The carnage playing out in the U.S. stock market on Wednesday is likely an amuse-bouche compared with the devastation on the menu for the bulls in the coming months and years, Guggenheim Partners Global Chief Investment Officer Scott Minerd told MarketWatch in an interview.
The prominent CIO on Wednesday said he envisioned the possibility of a dreadful summer and fall for stock-market investors — one in which the Nasdaq Composite Index COMP, -4.73% eventually unravels, plunging 75% from its Nov. 19, 2021, peak (currently it’s down around 28%) and the S&P 500 SPX, -4.04% tumbles 45% from its Jan. 3, 2022, peak (from which presently down 18%) as we head into July.
“That looks a lot like the collapse of the internet bubble,” Minerd said, referring to the implosion of technology stocks in 1999 and early 2000.
What’s driving Minerd’s pessimism? He fears that the Federal Reserve has made it abundantly clear that it is aiming to continue raising interest rates, despite the possibility that it could result in ruction in equity markets and elsewhere.
”What’s clear to me” is that “there is no market put, and I think we’re all waking up to that fact now,” Minerd said.
The CIO was alluding to the so-called Federal Reserve put option, which is shorthand for the belief the U.S. central bank will rush in to rescue tanking markets — an approach that has been denied by previous Fed chairs.
More on bear-market fears: Why are stocks falling? Inflation jitters killing fragile ‘bear market’ bounce.
On Tuesday, Fed Chairman Jerome Powell also appeared to be trying to disabuse investors of the notion that the bank should be relied upon to throw investors a buoy as monetary-policy makers attempt to combat an outsize dose of inflation.

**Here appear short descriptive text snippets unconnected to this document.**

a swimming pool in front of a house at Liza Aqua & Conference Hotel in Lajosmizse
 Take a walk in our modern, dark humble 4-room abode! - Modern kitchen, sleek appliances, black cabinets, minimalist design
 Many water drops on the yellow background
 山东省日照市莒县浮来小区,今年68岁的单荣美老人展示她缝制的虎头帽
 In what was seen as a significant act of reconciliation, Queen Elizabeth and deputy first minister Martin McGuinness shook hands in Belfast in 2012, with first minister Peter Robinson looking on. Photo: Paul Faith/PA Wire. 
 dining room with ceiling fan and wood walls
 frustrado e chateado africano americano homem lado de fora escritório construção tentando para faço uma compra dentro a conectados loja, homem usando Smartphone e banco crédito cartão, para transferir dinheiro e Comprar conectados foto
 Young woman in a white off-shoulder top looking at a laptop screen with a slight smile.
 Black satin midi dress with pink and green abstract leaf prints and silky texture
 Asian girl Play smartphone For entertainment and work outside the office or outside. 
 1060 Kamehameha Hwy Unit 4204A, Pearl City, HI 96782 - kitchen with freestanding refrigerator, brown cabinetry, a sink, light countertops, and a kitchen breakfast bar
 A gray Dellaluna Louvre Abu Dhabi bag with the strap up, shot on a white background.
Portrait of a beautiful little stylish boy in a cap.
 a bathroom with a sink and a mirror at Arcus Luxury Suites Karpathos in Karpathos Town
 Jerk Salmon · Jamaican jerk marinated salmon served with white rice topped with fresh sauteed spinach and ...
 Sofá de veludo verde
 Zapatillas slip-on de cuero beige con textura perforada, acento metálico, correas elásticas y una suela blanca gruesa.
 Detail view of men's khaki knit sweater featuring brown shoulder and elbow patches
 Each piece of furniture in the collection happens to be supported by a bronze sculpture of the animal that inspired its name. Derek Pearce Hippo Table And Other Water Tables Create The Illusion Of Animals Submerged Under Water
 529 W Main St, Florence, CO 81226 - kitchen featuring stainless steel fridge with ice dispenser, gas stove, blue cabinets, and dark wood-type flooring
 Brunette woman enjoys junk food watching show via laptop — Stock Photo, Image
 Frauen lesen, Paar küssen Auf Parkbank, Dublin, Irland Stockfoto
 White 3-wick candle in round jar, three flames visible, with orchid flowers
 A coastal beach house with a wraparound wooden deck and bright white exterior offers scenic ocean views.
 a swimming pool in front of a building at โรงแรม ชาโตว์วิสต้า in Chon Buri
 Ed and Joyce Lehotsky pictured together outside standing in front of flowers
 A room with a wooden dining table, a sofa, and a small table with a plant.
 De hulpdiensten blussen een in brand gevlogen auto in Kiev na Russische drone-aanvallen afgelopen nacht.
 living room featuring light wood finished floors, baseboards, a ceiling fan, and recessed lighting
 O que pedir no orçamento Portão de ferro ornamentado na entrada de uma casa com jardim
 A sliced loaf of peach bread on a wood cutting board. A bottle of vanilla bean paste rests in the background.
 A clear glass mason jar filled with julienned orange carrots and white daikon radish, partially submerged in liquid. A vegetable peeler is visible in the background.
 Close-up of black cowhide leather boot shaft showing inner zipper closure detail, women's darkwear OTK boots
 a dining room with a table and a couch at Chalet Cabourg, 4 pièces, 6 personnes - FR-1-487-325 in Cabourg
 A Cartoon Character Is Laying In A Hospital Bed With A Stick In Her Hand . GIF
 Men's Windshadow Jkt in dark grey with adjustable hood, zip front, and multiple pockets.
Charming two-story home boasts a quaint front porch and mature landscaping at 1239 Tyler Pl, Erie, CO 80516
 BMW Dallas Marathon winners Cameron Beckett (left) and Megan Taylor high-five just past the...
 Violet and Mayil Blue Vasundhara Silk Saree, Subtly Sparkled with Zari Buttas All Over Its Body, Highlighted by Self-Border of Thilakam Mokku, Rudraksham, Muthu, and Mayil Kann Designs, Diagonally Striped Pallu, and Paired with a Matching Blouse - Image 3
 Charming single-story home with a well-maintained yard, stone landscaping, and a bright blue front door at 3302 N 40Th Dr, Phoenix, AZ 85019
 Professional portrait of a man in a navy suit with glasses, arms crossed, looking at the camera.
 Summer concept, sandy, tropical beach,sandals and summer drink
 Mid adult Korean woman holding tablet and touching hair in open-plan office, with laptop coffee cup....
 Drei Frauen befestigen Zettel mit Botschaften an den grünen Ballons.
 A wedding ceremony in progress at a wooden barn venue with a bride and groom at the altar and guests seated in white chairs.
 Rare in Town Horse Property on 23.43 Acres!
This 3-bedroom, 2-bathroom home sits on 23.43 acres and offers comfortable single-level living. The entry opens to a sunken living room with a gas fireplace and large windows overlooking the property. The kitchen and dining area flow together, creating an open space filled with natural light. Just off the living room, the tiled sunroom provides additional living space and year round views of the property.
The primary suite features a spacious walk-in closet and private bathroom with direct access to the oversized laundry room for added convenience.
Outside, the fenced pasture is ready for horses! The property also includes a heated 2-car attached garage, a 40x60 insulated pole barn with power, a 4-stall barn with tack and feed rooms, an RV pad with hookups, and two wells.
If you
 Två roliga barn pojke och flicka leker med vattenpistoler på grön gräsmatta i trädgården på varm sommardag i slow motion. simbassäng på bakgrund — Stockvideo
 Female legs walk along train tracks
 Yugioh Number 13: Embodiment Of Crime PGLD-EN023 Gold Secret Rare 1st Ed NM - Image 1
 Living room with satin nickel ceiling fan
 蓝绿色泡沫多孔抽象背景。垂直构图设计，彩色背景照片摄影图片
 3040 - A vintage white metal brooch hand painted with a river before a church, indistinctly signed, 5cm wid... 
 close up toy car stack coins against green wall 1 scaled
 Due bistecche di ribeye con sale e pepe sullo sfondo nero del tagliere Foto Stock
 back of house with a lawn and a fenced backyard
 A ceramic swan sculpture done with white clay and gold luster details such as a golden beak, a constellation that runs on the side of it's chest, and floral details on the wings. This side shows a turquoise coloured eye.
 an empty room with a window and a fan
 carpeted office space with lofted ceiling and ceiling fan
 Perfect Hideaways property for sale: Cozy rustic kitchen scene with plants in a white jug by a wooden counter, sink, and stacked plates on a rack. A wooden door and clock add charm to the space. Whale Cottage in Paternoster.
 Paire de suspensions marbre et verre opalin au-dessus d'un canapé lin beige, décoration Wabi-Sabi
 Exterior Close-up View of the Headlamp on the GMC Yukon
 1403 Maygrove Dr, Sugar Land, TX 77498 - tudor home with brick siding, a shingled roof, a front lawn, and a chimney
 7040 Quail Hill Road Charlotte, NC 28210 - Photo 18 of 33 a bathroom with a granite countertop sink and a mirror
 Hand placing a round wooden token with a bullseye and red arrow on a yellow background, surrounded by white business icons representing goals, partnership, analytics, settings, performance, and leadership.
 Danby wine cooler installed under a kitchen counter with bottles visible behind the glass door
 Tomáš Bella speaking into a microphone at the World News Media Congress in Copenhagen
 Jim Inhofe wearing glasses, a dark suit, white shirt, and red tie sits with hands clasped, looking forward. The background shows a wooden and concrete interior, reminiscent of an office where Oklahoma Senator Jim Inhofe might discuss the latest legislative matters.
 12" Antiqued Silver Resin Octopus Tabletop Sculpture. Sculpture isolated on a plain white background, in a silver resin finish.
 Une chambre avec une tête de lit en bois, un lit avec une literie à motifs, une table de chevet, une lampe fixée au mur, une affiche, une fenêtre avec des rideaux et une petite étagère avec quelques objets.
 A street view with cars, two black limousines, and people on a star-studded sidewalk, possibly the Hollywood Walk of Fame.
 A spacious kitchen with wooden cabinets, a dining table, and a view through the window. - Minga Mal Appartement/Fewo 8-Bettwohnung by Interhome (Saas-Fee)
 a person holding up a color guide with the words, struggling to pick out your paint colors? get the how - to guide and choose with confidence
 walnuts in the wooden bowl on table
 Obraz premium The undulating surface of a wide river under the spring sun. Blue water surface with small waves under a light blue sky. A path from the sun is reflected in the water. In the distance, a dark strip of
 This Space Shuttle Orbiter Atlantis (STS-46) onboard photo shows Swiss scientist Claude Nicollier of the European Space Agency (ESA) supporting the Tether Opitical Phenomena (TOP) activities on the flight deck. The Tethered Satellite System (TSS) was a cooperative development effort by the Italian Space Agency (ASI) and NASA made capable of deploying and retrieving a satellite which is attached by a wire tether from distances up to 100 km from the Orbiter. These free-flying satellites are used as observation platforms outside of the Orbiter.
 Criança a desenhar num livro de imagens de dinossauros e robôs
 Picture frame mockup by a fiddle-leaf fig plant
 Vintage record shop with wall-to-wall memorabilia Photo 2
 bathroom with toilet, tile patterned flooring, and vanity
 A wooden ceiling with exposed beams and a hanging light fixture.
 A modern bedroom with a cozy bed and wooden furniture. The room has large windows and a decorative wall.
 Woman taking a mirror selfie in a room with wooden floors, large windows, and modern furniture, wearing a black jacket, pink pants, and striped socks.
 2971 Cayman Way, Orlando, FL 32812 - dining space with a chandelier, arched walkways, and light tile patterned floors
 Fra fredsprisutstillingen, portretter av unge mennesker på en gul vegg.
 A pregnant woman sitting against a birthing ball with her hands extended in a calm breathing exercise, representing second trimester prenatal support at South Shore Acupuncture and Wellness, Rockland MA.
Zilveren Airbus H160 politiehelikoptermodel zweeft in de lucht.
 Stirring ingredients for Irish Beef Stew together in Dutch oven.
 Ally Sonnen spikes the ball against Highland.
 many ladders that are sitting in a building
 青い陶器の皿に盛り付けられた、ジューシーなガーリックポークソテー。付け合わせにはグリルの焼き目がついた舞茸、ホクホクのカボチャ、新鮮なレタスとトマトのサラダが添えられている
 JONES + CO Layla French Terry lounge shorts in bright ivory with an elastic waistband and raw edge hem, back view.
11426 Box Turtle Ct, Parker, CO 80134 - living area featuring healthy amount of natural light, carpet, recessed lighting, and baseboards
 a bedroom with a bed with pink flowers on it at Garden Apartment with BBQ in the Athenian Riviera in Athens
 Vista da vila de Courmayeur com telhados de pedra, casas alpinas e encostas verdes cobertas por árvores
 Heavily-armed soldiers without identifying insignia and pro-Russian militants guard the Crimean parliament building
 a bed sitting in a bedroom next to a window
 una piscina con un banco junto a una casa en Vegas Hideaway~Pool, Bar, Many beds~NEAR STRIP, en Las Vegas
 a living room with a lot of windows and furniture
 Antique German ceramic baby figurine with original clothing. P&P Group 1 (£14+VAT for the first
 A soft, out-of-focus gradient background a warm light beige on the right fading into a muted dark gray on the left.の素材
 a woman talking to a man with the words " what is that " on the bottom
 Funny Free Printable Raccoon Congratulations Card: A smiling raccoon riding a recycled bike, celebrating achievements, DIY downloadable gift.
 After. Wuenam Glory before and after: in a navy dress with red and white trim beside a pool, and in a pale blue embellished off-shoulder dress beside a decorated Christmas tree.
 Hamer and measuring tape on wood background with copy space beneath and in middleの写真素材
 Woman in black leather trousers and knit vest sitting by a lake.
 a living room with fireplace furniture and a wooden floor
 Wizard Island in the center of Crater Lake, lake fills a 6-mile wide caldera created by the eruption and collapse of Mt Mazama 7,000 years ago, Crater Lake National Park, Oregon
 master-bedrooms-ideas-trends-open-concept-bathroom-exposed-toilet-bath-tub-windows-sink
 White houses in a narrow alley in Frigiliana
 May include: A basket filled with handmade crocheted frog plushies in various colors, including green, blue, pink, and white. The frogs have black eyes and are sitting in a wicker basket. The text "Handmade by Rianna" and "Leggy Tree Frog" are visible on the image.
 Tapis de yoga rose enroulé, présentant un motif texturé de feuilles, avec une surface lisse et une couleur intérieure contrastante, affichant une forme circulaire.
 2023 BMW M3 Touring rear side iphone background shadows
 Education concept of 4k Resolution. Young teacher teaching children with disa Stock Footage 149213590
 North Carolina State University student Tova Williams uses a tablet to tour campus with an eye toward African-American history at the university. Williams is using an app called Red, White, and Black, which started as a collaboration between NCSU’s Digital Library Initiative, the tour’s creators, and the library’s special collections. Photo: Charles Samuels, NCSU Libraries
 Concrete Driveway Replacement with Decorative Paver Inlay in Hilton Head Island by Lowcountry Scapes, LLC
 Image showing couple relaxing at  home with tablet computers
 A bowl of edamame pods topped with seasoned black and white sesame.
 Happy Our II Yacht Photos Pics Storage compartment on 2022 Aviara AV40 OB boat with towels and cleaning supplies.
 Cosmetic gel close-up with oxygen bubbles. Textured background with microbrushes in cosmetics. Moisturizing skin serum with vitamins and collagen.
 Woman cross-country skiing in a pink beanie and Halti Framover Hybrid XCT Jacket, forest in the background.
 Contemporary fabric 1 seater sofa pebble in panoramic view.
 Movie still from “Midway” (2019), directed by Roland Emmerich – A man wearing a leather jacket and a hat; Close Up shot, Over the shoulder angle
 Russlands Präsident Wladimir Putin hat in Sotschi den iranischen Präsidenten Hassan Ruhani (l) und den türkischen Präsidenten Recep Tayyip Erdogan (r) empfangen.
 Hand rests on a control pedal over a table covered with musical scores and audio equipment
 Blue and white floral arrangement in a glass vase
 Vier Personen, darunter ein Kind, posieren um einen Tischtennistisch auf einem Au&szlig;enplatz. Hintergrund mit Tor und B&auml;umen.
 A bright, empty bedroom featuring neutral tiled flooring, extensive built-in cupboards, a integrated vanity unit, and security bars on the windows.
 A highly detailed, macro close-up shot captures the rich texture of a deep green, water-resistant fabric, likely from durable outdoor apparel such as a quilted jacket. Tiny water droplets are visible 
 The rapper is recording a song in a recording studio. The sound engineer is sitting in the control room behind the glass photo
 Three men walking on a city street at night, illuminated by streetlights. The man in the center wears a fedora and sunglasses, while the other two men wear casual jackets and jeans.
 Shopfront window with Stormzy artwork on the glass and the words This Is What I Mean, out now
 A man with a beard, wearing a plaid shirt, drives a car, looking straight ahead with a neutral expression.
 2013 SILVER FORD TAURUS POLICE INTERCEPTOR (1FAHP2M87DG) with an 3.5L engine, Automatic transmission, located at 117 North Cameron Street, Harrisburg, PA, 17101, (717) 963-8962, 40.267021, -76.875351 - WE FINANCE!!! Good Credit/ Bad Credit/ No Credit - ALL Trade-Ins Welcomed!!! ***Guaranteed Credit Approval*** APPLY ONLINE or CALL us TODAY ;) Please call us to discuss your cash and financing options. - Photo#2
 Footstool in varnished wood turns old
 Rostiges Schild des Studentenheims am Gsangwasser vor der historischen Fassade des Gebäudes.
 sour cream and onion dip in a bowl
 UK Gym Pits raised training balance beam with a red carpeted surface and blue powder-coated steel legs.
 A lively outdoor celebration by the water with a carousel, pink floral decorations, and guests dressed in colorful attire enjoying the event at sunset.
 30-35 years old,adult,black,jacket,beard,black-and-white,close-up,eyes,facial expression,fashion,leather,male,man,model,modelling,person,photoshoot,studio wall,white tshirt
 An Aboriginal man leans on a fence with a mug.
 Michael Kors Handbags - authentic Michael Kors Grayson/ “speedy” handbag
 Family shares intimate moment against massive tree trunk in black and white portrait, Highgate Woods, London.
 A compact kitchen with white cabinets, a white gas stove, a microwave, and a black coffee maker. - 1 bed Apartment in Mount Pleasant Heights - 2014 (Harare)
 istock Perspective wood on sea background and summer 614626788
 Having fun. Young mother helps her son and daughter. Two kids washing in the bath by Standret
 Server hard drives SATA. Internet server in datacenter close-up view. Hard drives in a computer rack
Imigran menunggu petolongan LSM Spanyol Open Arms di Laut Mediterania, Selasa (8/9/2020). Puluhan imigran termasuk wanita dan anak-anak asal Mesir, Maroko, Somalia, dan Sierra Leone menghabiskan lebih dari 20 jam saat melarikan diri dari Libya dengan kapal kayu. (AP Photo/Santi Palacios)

“Restoring price stability is an unconditional need. It is something we have to do,” Powell said in an interview Tuesday during the Wall Street Journal’s Future of Everything festival. “There could be some pain involved,” Powell added.
Minerd said that he believed the Fed will continue to raise rates “until they see a clear breaking of the inflation trend” and that “they are wiling to go above a neutral rate,” referring to a level of interest rates that neither stimulates nor restrains the economy.
Earlier this month, the Fed’s rate-setting committee raised the benchmark federal funds rate to a target ranging between 0.75% and 1%. It is expected to raise rates by at least 50 basis points at its June 14-15 gathering, as U.S. inflation stood at an 8.3% annual rate in April, according to the Labor Department, well above the Fed’s target rate of 2%.
The Guggenheim executive said that a May 13 gathering of former Federal Reserve policy makers and prominent economists, including John Taylor, John Cochrane and Michael D. Bordo, hosted by the Hoover Institution just after the Fed’s May meeting, caused him to take a more bearish stance on equities and the market as a whole.
He said attendees at that Hoover conference estimated that the Fed would need to take interest rates to 3.5% to 8% to hit neutral, which suggested to him that the central bank might need to dial up rates until something in the economy or markets, or both, breaks.
The Fed appears to have “very little concern about the continuation of what I think now is a bear market,” Minerd said. If that is the case, “we are probably going to have a pretty severe selloff,” he said. The investor said a severe downturn could give central bankers some pause, but any respite from hikes might not come until a lot of damage is already done.
So, as long as the selloff remains relatively orderly and we don’t get a sudden crash, the Fed is going to continue to raise higher than inflation an unemployment will justify by the time they get [to a neutral rate],” he explained.
“When you start to line up all the data, a “summer of pain is what we’re heading for,” he noted, adding that by October, things may have reached a bottom.
In a draft of a research report, reviewed by MarketWatch, Minerd said:
With the passage of time as the Fed continues to hike, we will find ourselves experiencing the effects of increasingly restrictive monetary policy. Well before it reaches this terminal rate the Fed will increase the risk of overshooting, causing a financial accident, and starting a recession.
Minerd said that Fed is headed toward overtightening financial conditions just as employment show some softness.